Fijas las miradas en la curiosidad de todos, el recién llegado lució con orgullo su coqueto mosquete, preparándose para el diálogo, hecho común entre jóvenes. Mas los estudiantes continuaron de prisa el camino al comprobar la mirada inquieta del preceptor —un Jesuita rubio y corpulento— quien circulaba pausado con un libro en la mano en actitud de leer, por el costado opuesto de la calle. Al partir sus discípulos, el maestro volvería a enclavar su vista en la lectura. Ante tal situación, Don Alvaro dirigióse hacia él:

—“Vuesa Merced…”

—“¡Ave!”— respondióle el Jesuita

—“Vengo de Oporto. Soy lusitano. Me llamo Don Alvaro Vasques de Almeida y he llegado hasta Córdoba del Tucumán en busca de mi tío, Don Ruy Mendes de Almeida, quien hace veinte llegó a esta ciudad alejada del mundo, en tiempos del rey Felipe de Austria, el cual fuera antaño rey de Portugal.”

—“Caballero lusitano— contestóle el Jesuita —sobre aquel portal veréis vos el escudo de Don Ruy.”

Dirigió entonces el viajero la mirada hacia una fachada próxima a sus ojos y al reconocer el escudo injerto en el pórtico, extendió los dedos de su mano diestra en cuyo anular un anillo de sello reproducía el mismo anagrama. Don Alvaro había llegado ¡Sí! Sin lugar a dudas. La figura alta y togada del Jesuita fue alejándose lentamente, tal como apareciera. El joven contempló su silueta perdiéndose en el pétreo ambiente y dijo para sí:

—“Sin duda es claramente un flamenco, por su acento y su mudez. Pero estos dos coloridos personajes indios que me acompañan desde Lima, con tanta ceremonia y altivez como cortesanos de la corte de Braganza ¿porqué son también mudos? Si aquí en esta casa está mi tío… ¿Tendré por fin alguien con quien hablar?”

La travesía interminable del Camino Real por desiertos y salinas sin vida humana, por serranías de reptiles y pumas, habían dejado su mente trastornada. No, nada veía, ni comprendía con claridad, ya que era un noble europeo habituado a un continente poblado. Luego de permanecer tanto tiempo hablando sólo consigo mismo, desde la partida del Alto Perú hasta arribar aquella mañana junto al río Suquía y su extraña ciudad, creía él que también podría haberse vuelto mudo..

No… No esperaba encontrar una civilización detrás de un desierto de sal, donde ya nada debiera existir. Donde el mundo construido por los hombres ilustrados del Bajo Perú y el Alto Perú había quedado hace mucho a sus espaldas.

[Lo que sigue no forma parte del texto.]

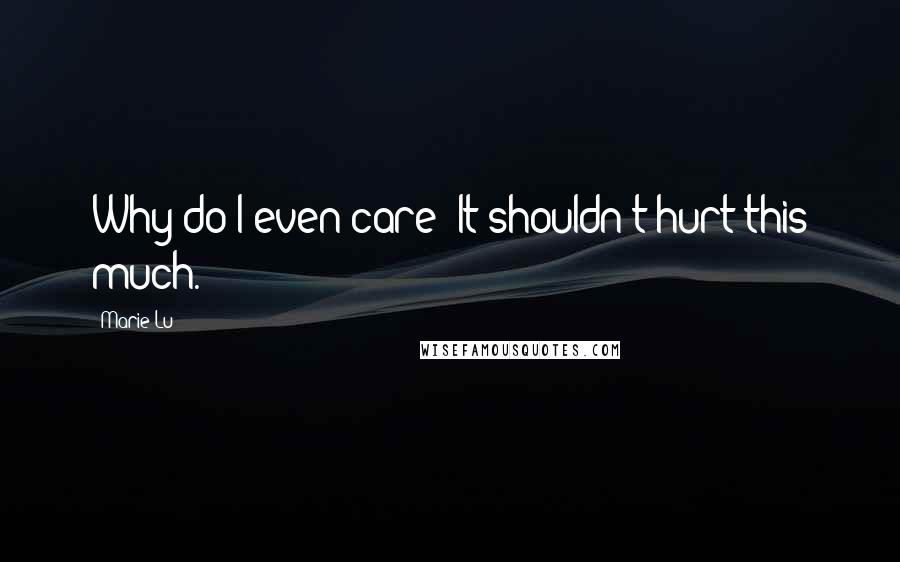 Marie Lu Quotes: Why do I even care? It shouldn't hurt this much.
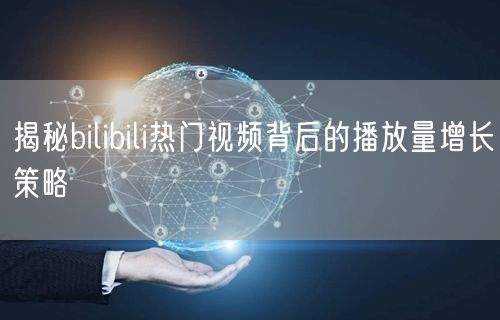 揭秘bilibili热门视频背后的播放量增长策略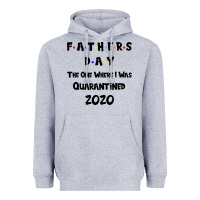 Heather Grey Father s Day The One Where I Was Quarantined 2020 Heavyweight Hoodie - Bettercallsaul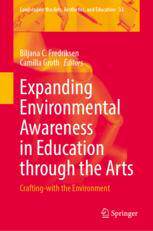 【预订】Expanding Environmental Awareness in Education Through the Arts 9789811948541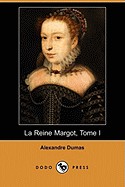 Reine Margot, Tome I (Dodo Press)
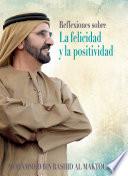 Reflexiones sobre la Felicidad y la Positividad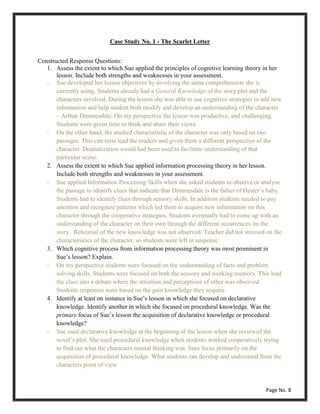 Case Study No. 1 - The Scarlet Letter
Constructed Response Questions:
1. Assess the extent to which Sue applied the principles of cognitive learning theory in her
lesson. Include both strengths and weaknesses in your assessment.
- Sue developed her lesson objectives by involving the same comprehension she is
currently using. Students already had a General Knowledge of the story plot and the
characters involved. During the lesson she was able to use cognitive strategies to add new
information and help student both modify and develop an understanding of the character
– Arthur Dimmesdale. On my perspective the lesson was productive, and challenging.
Students were given time to think and share their views.
- On the other hand, the studied characteristic of the character was only based on two
passages. This can miss lead the readers and given them a different perspective of the
character. Dramatization would had been used to facilitate understanding of that
particular scene.
2. Assess the extent to which Sue applied information processing theory in her lesson.
Include both strengths and weaknesses in your assessment.
- Sue applied Information Processing Skills when she asked students to observe or analyse
the passage to identify clues that indicate that Dimmesdale is the father of Hester’s baby.
Students had to identify clues through sensory skills. In addition students needed to pay
attention and recognize patterns which led them to acquire new information on this
character through the cooperative strategies. Students eventually had to come up with an
understanding of the character on their own through the different occurrences on the
story. Rehearsal of the new knowledge was not observed. Teacher did not stressed on the
characteristics of the character, so students were left in suspense.
3. Which cognitive process from information processing theory was most prominent in
Sue’s lesson? Explain.
- On my perspective students were focused on the understanding of facts and problem
solving skills. Students were focused on both the sensory and working memory. This lead
the class into a debate where the attention and perceptions of other was observed.
Students responses were based on the gain knowledge they acquire.
4. Identify at least on instance in Sue’s lesson in which she focused on declarative
knowledge. Identify another in which she focused on procedural knowledge. Was the
primary focus of Sue’s lesson the acquisition of declarative knowledge or procedural
knowledge?
- Sue used declarative knowledge at the beginning of the lesson when she reviewed the
novel’s plot. She used procedural knowledge when students worked cooperatively trying
to find out what the characters mental thinking was. Sues focus primarily on the
acquisition of procedural knowledge. What students can develop and understand from the
characters point of view.
Page No. 8
 
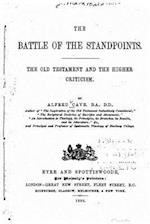 The Battle of the Standpoints, the Old Testament and the Higher Criticism
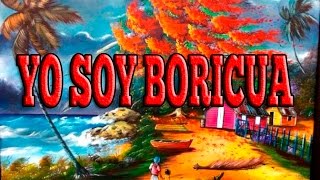 quotYO SOY BORICUA [upl. by Eadwina452]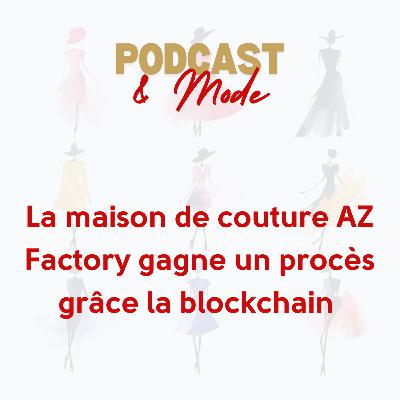 #5. Mode et blockchain AZ Factory gagne un procès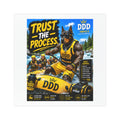DDD (Doug the Damn Dog)"Trust the Process" Car Magnet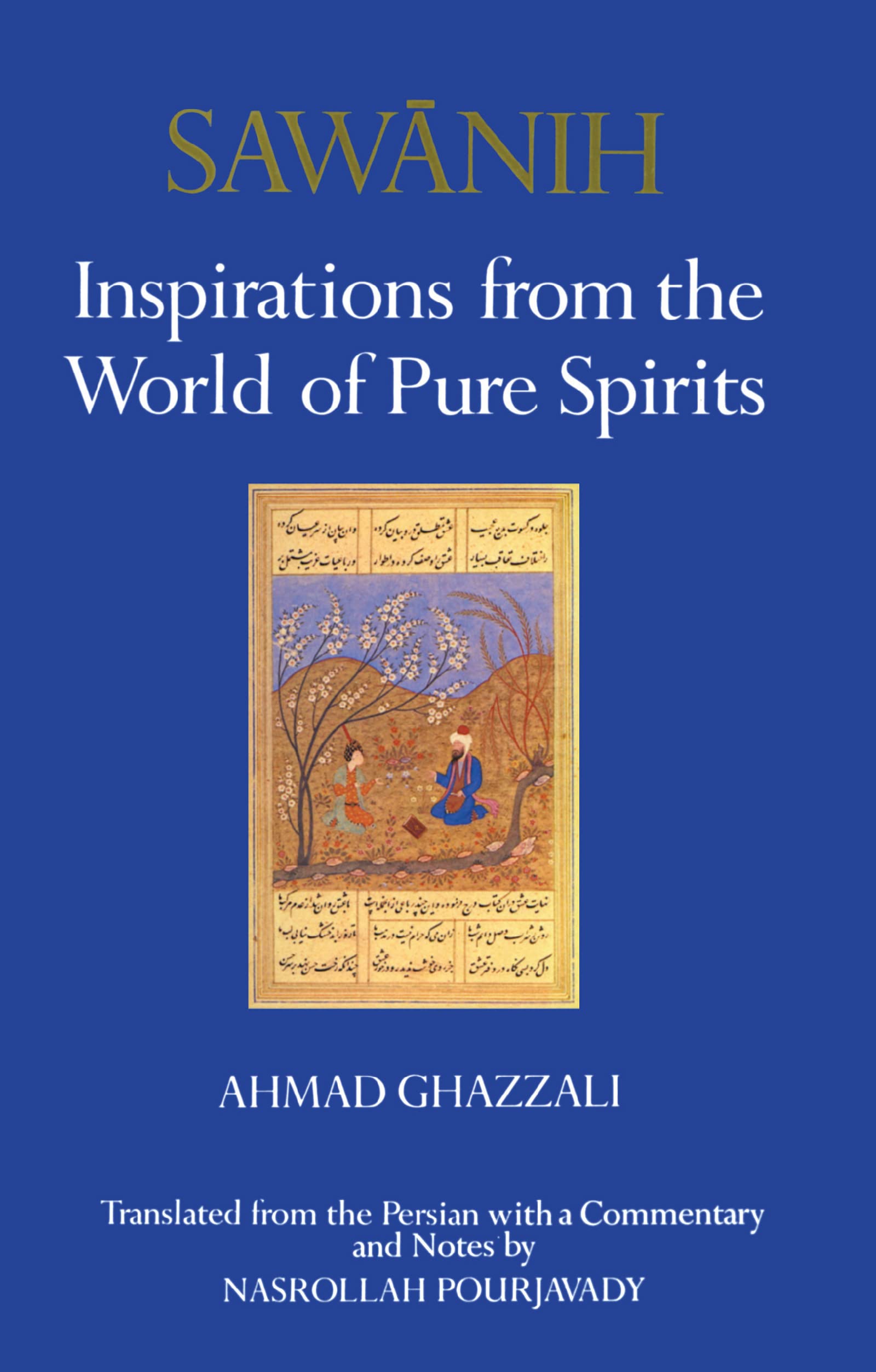 Sawanih: Inspirations from the World of Pure Spirits,Used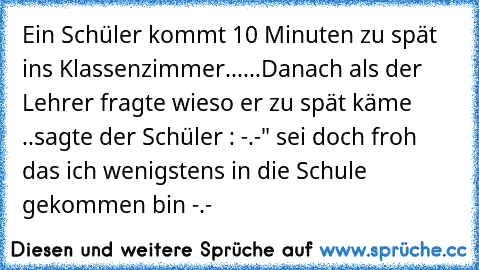 Ein Schüler kommt 10 Minuten zu spät ins Klassenzimmer......
Danach als der Lehrer fragte wieso er zu spät käme ..
sagte der Schüler : -.-" sei doch froh das ich wenigstens in die Schule gekommen bin -.-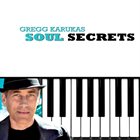 GREGG KARUKAS Soul Secrets album cover
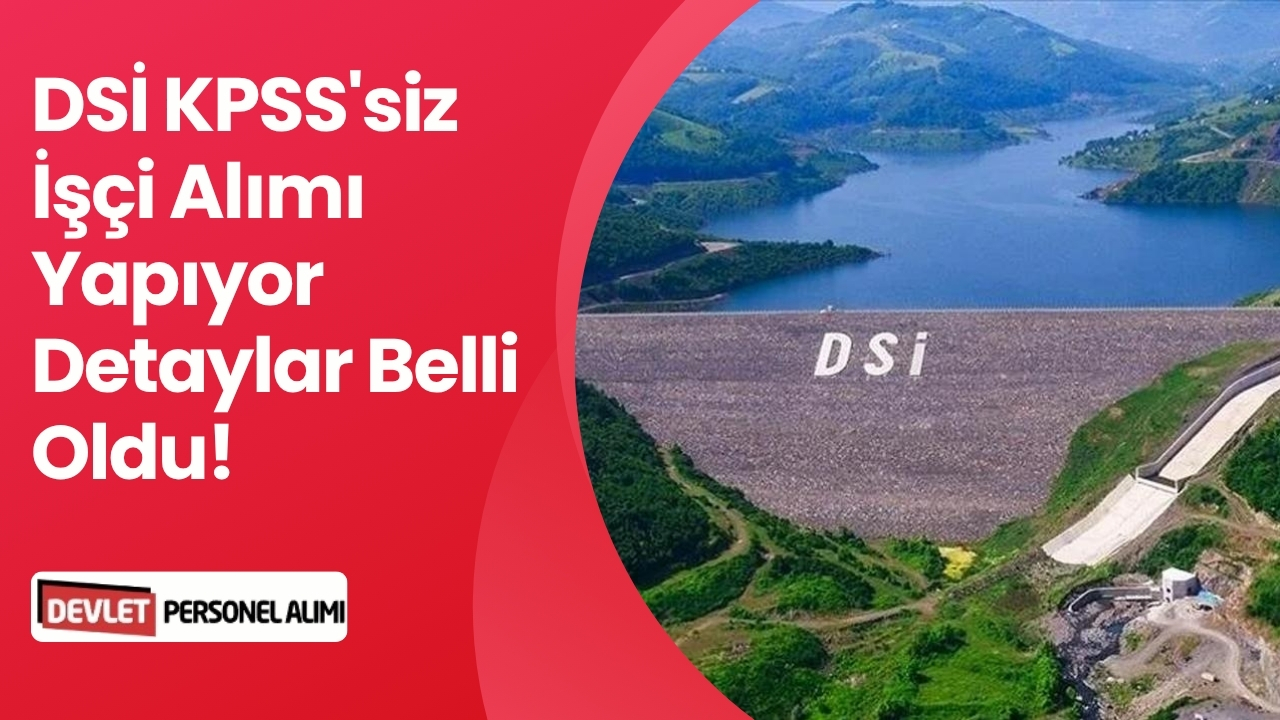 DSİ KPSS'siz İşçi Alımı Yapıyor Detaylar Belli Oldu!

Donde el Kollansuyo de los Incas nunca, en su tiempo, penetrara con su cultura.

Pero de improviso, como un espejismo irreal recortado en visión, apareció ante sus ojos esta Ciudad Monasterio que sí era real. Creyó que al tocarla ella iba a disiparse como un sueño de viajero cansado, sediento por exceso de sol, aterrado de arañas gigantes y agresivos pecarí. Pues no imaginaba hallar nada ni a nadie a estas alturas de los acontecimientos. Aunque hacia aquí venía su ruta desde la lejana Europa en busca de su tío, quien hacía veinte años partiera de Oporto rumbo al Tucumán.

Y así confundido y desconcertado Don Alvaro admiraba esos muros de piedra, bien trabajados, con portales de madera labrada erguidos junto al confín de la tierra civilizada, donde las naciones conocidas parecieran haberse eclipsado. Y el joven portugués en el final de su travesía observaba todo con asombro, sin reconocer empero al principio, debido a su cansancio, el escudo de aquel pórtico que era el mismo del castillo lusitano que él llevaba en su anillo de sello.